Bir ay içinde çiğ süt fiyatları ikinci kez zamlandı. Peynir, süt, yoğurt vb. süt ürünlerine de ikinci kez yüzde 50 düzeyinde zam yapıldı. Çocukların beslenmeleri, süt içebilmeleri, et yiyebilmeleri, sebze-meyveyi tadımlık da olsa tüketmeleri olanaksız hale geldi. İktidarın, iktidar vekillerinin halka tavsiyesi, buldukları yegâne çözüm; Yemeyin, içmeyin, tüketmeyin, ısınmayın, gramla-taneyle alın, barınmayın, harcamayın! Yandaş medya gazete ve televizyonlarında bir anda et ve süt tüketiminin zararlarını anlatan haberlerle bu ürünleri tüketenlerin çevreyi kirlettiği, doğaya zarar verdiğini içeren bilimsel araştırmalarla dolup taşmaya başladı. Doğayı korumak için proteinden vazgeçilmesi, et-süt tüketilmemesi tavsiyelerine ana haber bültenlerinde yer veriliyor. Halka 6 ay soğan-ekmek yemeyi tavsiye eden, kış günü sera ürünü tüketmenin sağlığa zararlarını anlatan iktidar vekilleri ekranlarda boy gösteriyor.
Yemek-içmek-beslenmek gibi en temel ihtiyaçlarını karşılamaktan hızla uzaklaşan toplum kesimleri için barınma, başını sokabileceği bir yer bulma konusu da giderek zorlaşıyor. Yüksek öğrenim öğrencilerinin yurt sorununu çözemeyen iktidar, gençlerin ‘barınamıyoruz’ eylemlerini valilerin emriyle yasaklatarak, gözaltına alarak, güvenlik güçlerini üzerlerine salarak acizliğini sergiliyor. Daha da vahim olan dövize endekslenen konut fiyatları ve kiralarla barınma ihtiyacının karşılanmasının giderek olanaksız hale gelmesi.

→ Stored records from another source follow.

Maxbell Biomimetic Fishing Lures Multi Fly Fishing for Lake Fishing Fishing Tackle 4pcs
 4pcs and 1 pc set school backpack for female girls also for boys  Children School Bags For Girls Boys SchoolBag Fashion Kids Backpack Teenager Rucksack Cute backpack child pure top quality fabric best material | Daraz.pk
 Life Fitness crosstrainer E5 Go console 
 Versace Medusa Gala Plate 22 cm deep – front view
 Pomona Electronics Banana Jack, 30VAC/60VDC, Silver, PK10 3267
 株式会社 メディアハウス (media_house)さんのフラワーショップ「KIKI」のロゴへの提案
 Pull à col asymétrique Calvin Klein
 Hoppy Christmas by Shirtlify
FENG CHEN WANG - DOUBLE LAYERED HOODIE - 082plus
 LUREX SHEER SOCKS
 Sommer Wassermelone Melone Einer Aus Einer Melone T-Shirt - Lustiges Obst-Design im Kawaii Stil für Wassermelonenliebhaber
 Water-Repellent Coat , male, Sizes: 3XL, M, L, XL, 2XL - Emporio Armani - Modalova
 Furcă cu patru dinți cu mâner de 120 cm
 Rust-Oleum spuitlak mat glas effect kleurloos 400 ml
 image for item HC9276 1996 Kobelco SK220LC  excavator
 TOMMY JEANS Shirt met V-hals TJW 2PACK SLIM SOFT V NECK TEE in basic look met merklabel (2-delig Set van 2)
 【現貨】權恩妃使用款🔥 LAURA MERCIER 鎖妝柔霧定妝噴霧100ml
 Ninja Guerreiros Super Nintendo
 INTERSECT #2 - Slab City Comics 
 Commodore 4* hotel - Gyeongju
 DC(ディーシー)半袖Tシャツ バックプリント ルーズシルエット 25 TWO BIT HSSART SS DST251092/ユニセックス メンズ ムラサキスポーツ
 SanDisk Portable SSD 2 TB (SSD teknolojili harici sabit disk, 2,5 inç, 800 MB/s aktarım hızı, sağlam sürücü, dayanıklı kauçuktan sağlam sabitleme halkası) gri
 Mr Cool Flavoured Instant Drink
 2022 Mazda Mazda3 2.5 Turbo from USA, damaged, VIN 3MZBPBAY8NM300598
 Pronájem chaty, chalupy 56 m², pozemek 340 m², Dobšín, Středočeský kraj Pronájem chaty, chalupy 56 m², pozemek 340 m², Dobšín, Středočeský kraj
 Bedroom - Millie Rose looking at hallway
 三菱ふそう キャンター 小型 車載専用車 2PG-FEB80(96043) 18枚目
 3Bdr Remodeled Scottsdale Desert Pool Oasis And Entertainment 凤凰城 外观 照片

Ülke genelinde ev sahipleri daha yüksek kira geliri için yaygın şekilde kontratları feshetme yoluna giderken konut kiralamak isteyenlerden ise dövize endeksli fahiş kira bedelleri, depozito ve kaparo ödemesinde dolar-euro-altın talep edilmeye başlandı. Bu tablo barınma ihtiyacındaki yüz binlerce kişiyi sokakta kalma ihtimaliyle yüz yüze bırakıyor. İlk ve ikinci el konut satış piyasası ise neredeyse durdu. Konut satış fiyatları döviz üzerinden belirlenerek talep edilirken, satıştaki konut ilanları da emlak piyasasından çekildi. Döviz kurları gibi her gün satış fiyatına kur artışı gerekçesiyle 50 - 150 bin TL ilaveler yapılarak fiyatlar yükseltiliyor!
İktidar politikalarıyla hayatın ve ekonominin her alanında dolar-euro egemenliği kuruldu.